Re: [patch v2] mm, thp: always specify ineligible vmas as nh in smaps

From: Michal Hocko
Date: Tue Sep 25 2018 - 16:30:07 EST


On Tue 25-09-18 12:52:09, David Rientjes wrote:
> On Mon, 24 Sep 2018, Vlastimil Babka wrote:
>
> > On 9/24/18 10:02 PM, Michal Hocko wrote:
> > > On Mon 24-09-18 21:56:03, Michal Hocko wrote:
> > >> On Mon 24-09-18 12:30:07, David Rientjes wrote:
> > >>> Commit 1860033237d4 ("mm: make PR_SET_THP_DISABLE immediately active")
> > >>> introduced a regression in that userspace cannot always determine the set
> > >>> of vmas where thp is ineligible.
> > >>>
> > >>> Userspace relies on the "nh" flag being emitted as part of /proc/pid/smaps
> > >>> to determine if a vma is eligible to be backed by hugepages.
> > >>
> > >> I was under impression that nh resp hg flags only tell about the madvise
> > >> status. How do you exactly use these flags in an application?
> > >>
>
> This is used to identify heap mappings that should be able to fault thp
> but do not, and they normally point to a low-on-memory or fragmentation
> issue. After commit 1860033237d4, our users of PR_SET_THP_DISABLE no
> longer show "nh" for their heap mappings so they get reported as having a
> low thp ratio when in reality it is disabled.

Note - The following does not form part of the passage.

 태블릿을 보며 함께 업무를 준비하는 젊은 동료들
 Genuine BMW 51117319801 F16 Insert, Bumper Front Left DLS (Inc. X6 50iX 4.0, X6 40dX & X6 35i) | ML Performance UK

I am still not sure I understand the issue completely. How are PR_SET_THP_DISABLE
users any different from the global THP disabled case? Is this only
about the scope? E.g the one who checks for the state cannot check the
PR_SET_THP_DISABLE state? Besides that what are consequences of the
low ratio? Is this an example of somebody using the prctl and still
complaining or an external observer trying to do something useful which
ends up doing contrary?

> It is also used in
> automated testing to ensure that vmas get disabled for thp appropriately
> and we used "nh" since that is how PR_SET_THP_DISABLE previously enforced
> this, and those tests now break.

This sounds like a bit of an abuse to me. It shows how an internal
implementation detail leaks out to the userspace which is something we
should try to avoid.

> > >> Your eligible rules as defined here:
> > >>
> > >>> + [*] A process mapping is eligible to be backed by transparent hugepages (thp)
> > >>> + depending on system-wide settings and the mapping itself. See
> > >>> + Documentation/admin-guide/mm/transhuge.rst for default behavior. If a
> > >>> + mapping has a flag of "nh", it is not eligible to be backed by hugepages
> > >>> + in any condition, either because of prctl(PR_SET_THP_DISABLE) or
> > >>> + madvise(MADV_NOHUGEPAGE). PR_SET_THP_DISABLE takes precedence over any
> > >>> + MADV_HUGEPAGE.
> > >>
> > >> doesn't seem to match the reality. I do not see all the file backed
> > >> mappings to be nh marked. So is this really about eligibility rather
> > >> than the madvise status? Maybe it is just the above documentation that
> > >> needs to be updated.
> >
> > Yeah the change from madvise to eligibility in the doc seems to go too far.
> >
>
> I'll reword this to explicitly state that "hg" and "nh" mappings either
> allow or disallow thp backing.

How are you going to distinguish a regular THP-able mapping then? I am
still not sure how this is supposed to work. Could you be more specific.
Let's say I have a THP-able mapping (shmem resp. anon for the current
implementation). What is the the matrix for hg/nh wrt. madvice/nomadvise
PR_SET_THP_DISABLE and global THP enabled/disable.

--
Michal Hocko
SUSE Labs